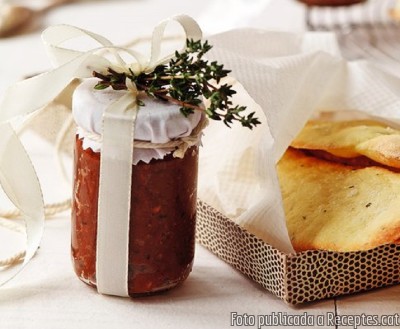 Recepta de cuina de Pesto de tomàquets secs amb herbes aromàticas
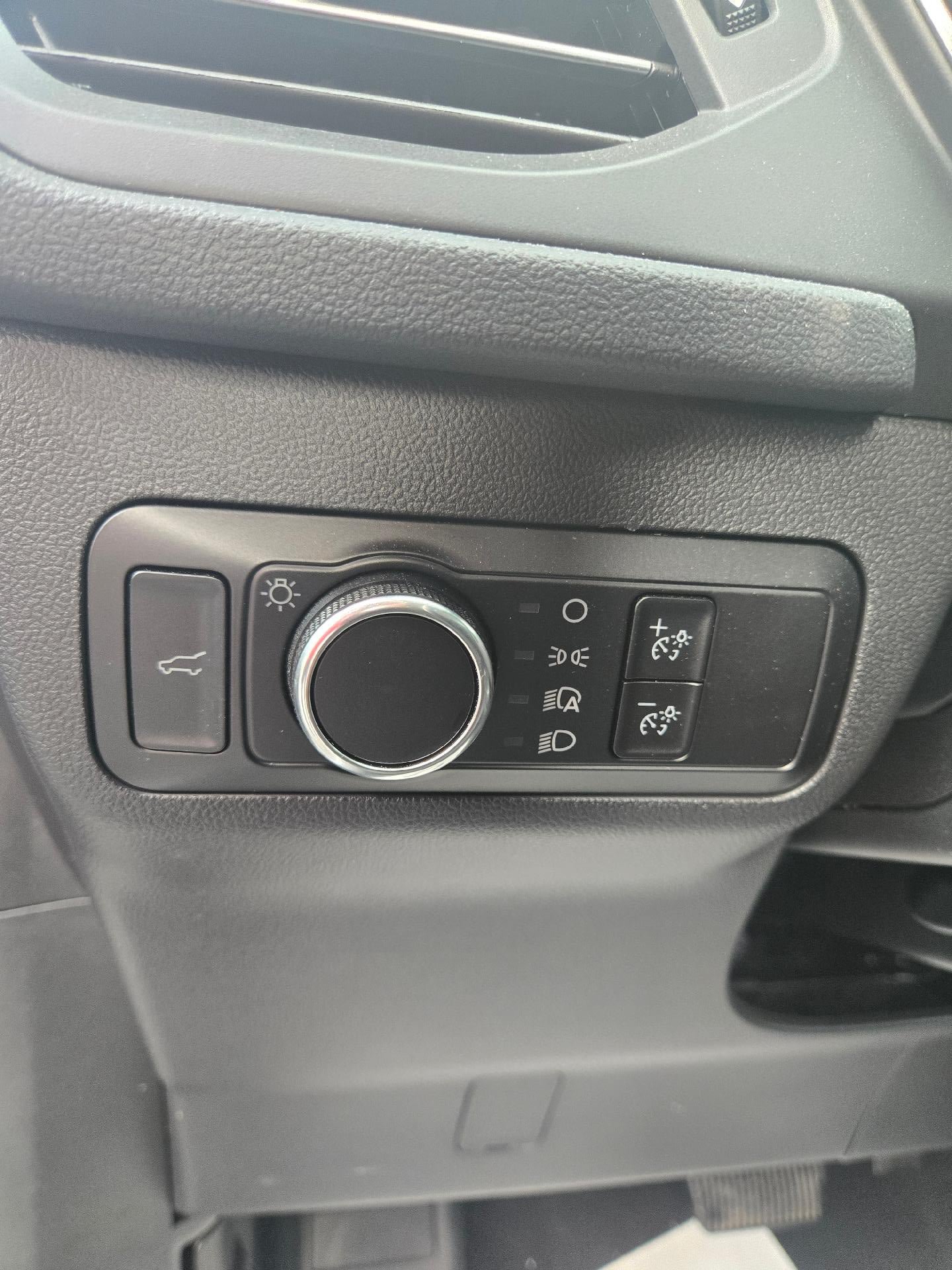 Used 2023 Ford Escape Active w/ Tech Pack #2 AWD/4WD image 17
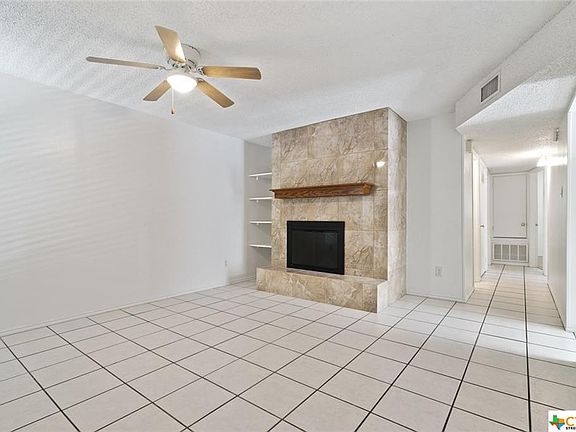 3rd image of 153 Coers Dr APT 3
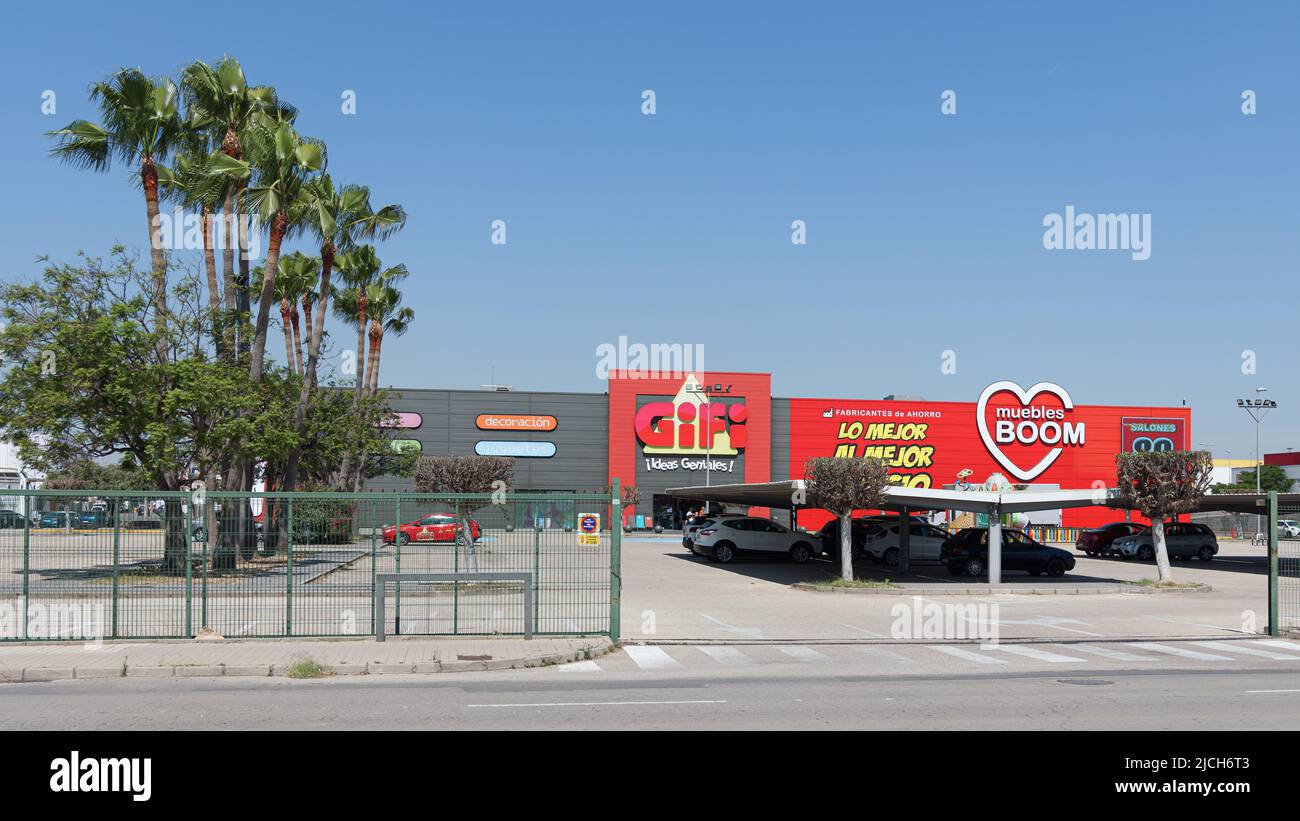 ALFAFAR, SPAGNA - 06 GIUGNO 2022: Negozi Gifi e Muebles Boom a P.C. Alfafar, Valencia Foto Stock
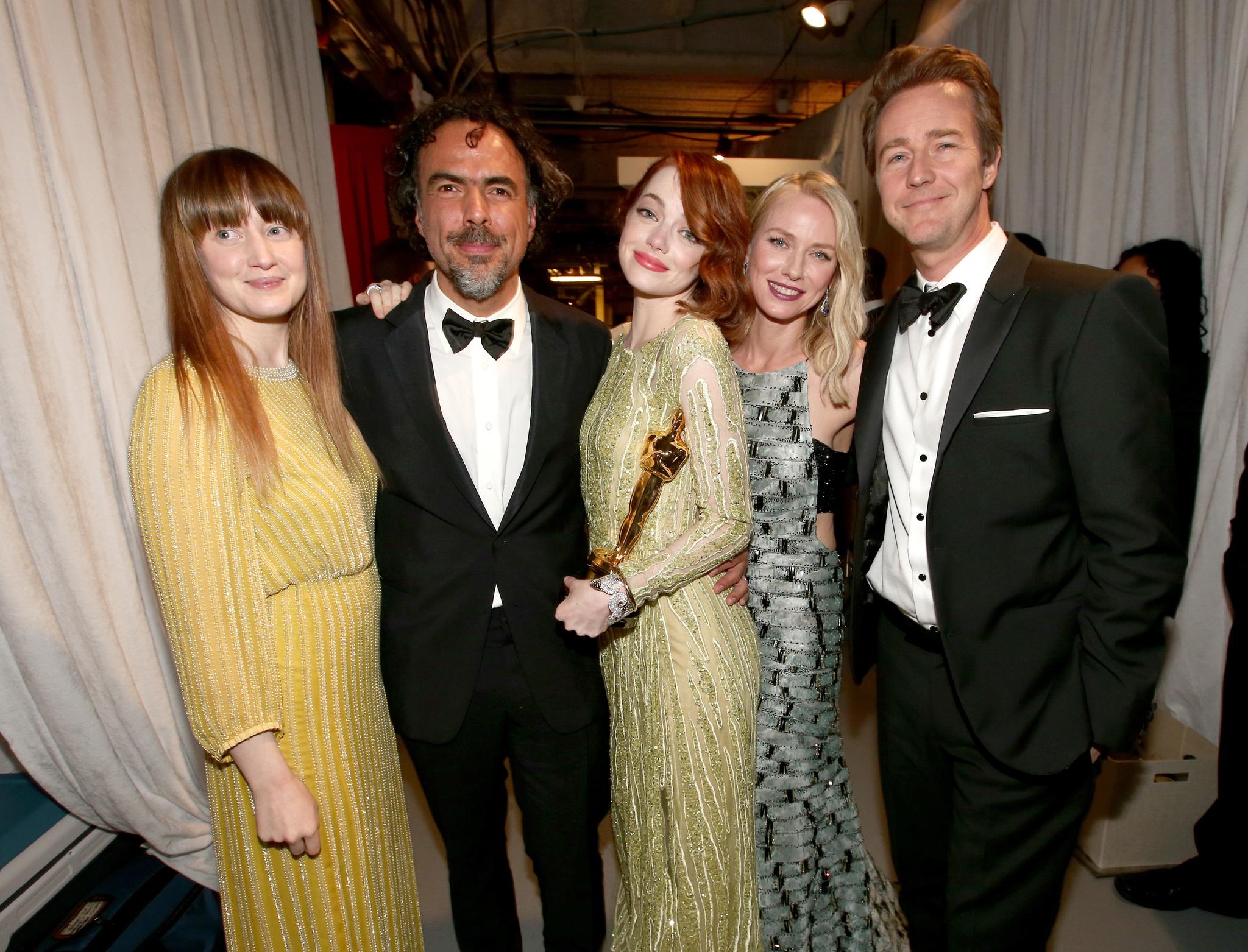 Edward Norton, Alejandro González Iñárritu, Naomi Watts, Emma Stone and Andrea Riseborough at event of The Oscars (2015)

┄┄┄┄┄┄┄┄┄┄┄┄┄┄┄┄┄┄┄┄

EXERCISE DESCRIPTION
Your task is to copy the entries in full and exactly, without any images.

OUTPUT FOR THIS TASK
 Recepta de cuina de Pesto de tomàquets secs amb herbes aromàticas
 Used 2023 Ford Escape Active w/ Tech Pack #2 AWD/4WD image 17
 3rd image of 153 Coers Dr APT 3
 ALFAFAR, SPAGNA - 06 GIUGNO 2022: Negozi Gifi e Muebles Boom a P.C. Alfafar, Valencia Foto Stock
 Edward Norton, Alejandro González Iñárritu, Naomi Watts, Emma Stone and Andrea Riseborough at event of The Oscars (2015)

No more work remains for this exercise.